The point: evangelical institutions ARE quite responsive to market forces, whether they be governmental regulations or the preferences of those who buy the institution’s products and services. This point may be demonstrated over and over and over again by reference to evangelical publishing houses. Evangelical institutions may escape compliance with these market forces only if they are overt initiatives of an ecclesiastical body ***which is willing to discipline that institution’s departures from orthodoxy***. Most ecclesiastical authorities are unwilling (or unable) to do this until it is too late.

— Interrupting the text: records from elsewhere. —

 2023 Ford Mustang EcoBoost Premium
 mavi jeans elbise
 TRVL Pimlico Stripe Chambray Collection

Institutions gone astray are not really impersonal things – they’re made up of men, who look at the truth and turn their heads. This includes John Hannah. A couple of years ago, I reminded him of those words I heard him speak in his own history class. I specifically asked him if DTS, by the time of its 75th anniversary, was now well-past its shelf-life as to orthodoxy, particularly with respect to its teaching and practice regarding women in church authority. He dodged, saying that “DTS is an academic institution. Evangelicals in America have diverse views in this area, and we strive to minister to all of them … blah blah blah.”

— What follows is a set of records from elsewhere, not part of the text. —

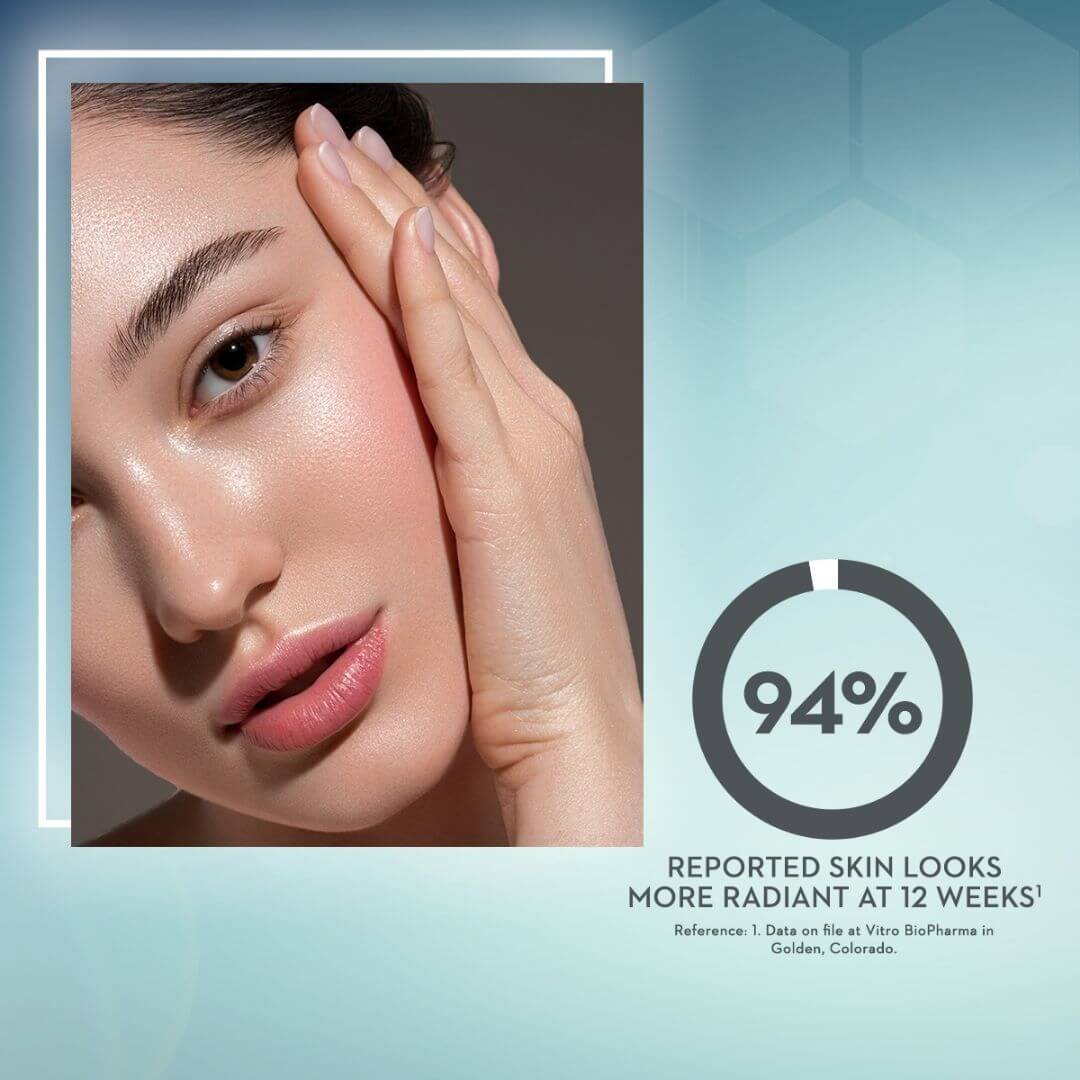 Daily Serum | Anti Aging Serum - INFINIVIVE MD STEM CELL
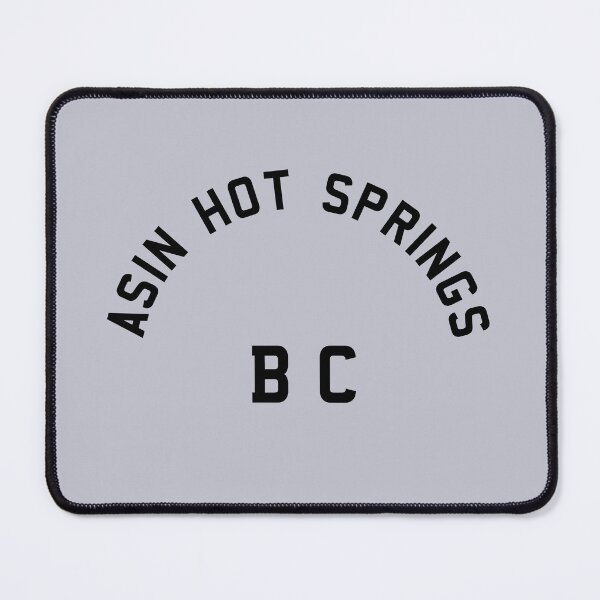Item preview, Asin Hot Springs, Baguio City designed and sold by pineconebutter.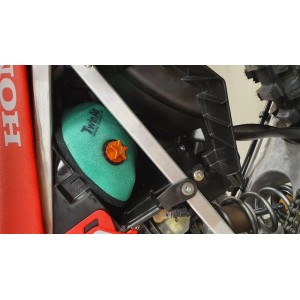 TWIN AIR FILTR POWIETRZA HONDA CRF 250R '22-'24: CRF 450R '21-'23 (POWERFLOW KIT)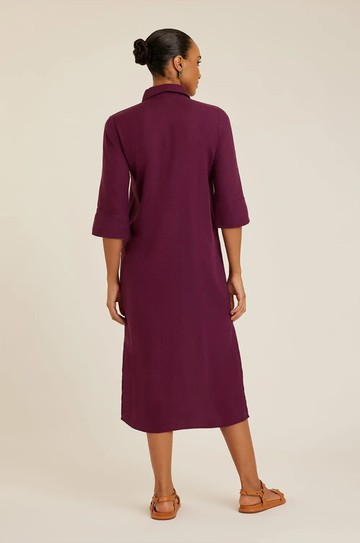 Chemisier Fendas Ameixa hover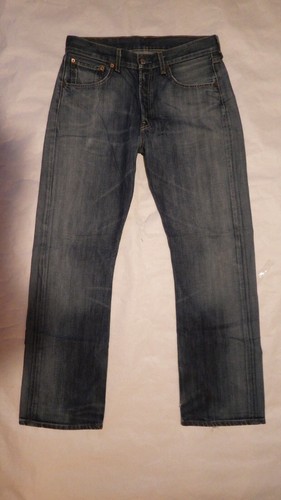 Jeans levis 501 - jeans, w32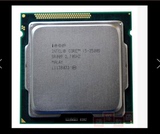 Intel/英特尔 i5-2500S 散片CPU 2.7G 1155针 回收 内存 硬盘固态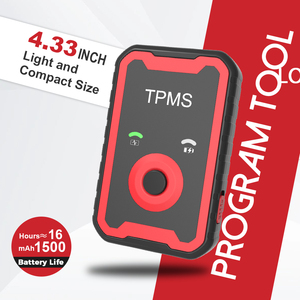Herramienta TPMS, Programador TPMS Bluetooth Todo en Uno |   Control de Aplicaciones de Teléfono Inteligente |   315MHz y 433MHz |   Cobertura Global para Automóviles - Product Image 4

In terms of training for their ordained ministry, the Pentecostals used a 'log cabin' model for years and it seemed to work. Two years in a Bible College proved to be more effective than four years in seminary. Women students were welcomed: (a) pastors need to be married if they aren't already ;-) and (b)a Biblically literate laity, both men and women, is priceless (many of the students in the Bible College model don't end up in 'direct' ministry).

Speaking as an outsider, admittedly, the deliberate abandonment of your own educational infrastructure, in terms of where churches look for their ministry, would do more to 'send a message' to your movement than any amount of blogging.

Fr. Bill is right to point out how well schools do financially long after they've turned away from God. Again, Harvard, Yale, Princeton, Oberlin, Wheaton...

So, what kind of discipline does the free market apply when Christendom is more concerned about an educational pedigree than submission to God's Word?

Little to none.

So, why did I recommend competition?

I suppose because I don't want Covenant and Covenant to trade on any formal association with the PCA as they compete. Other Reformed educational institutions are better choices and denominational affiliation should not tip the scales.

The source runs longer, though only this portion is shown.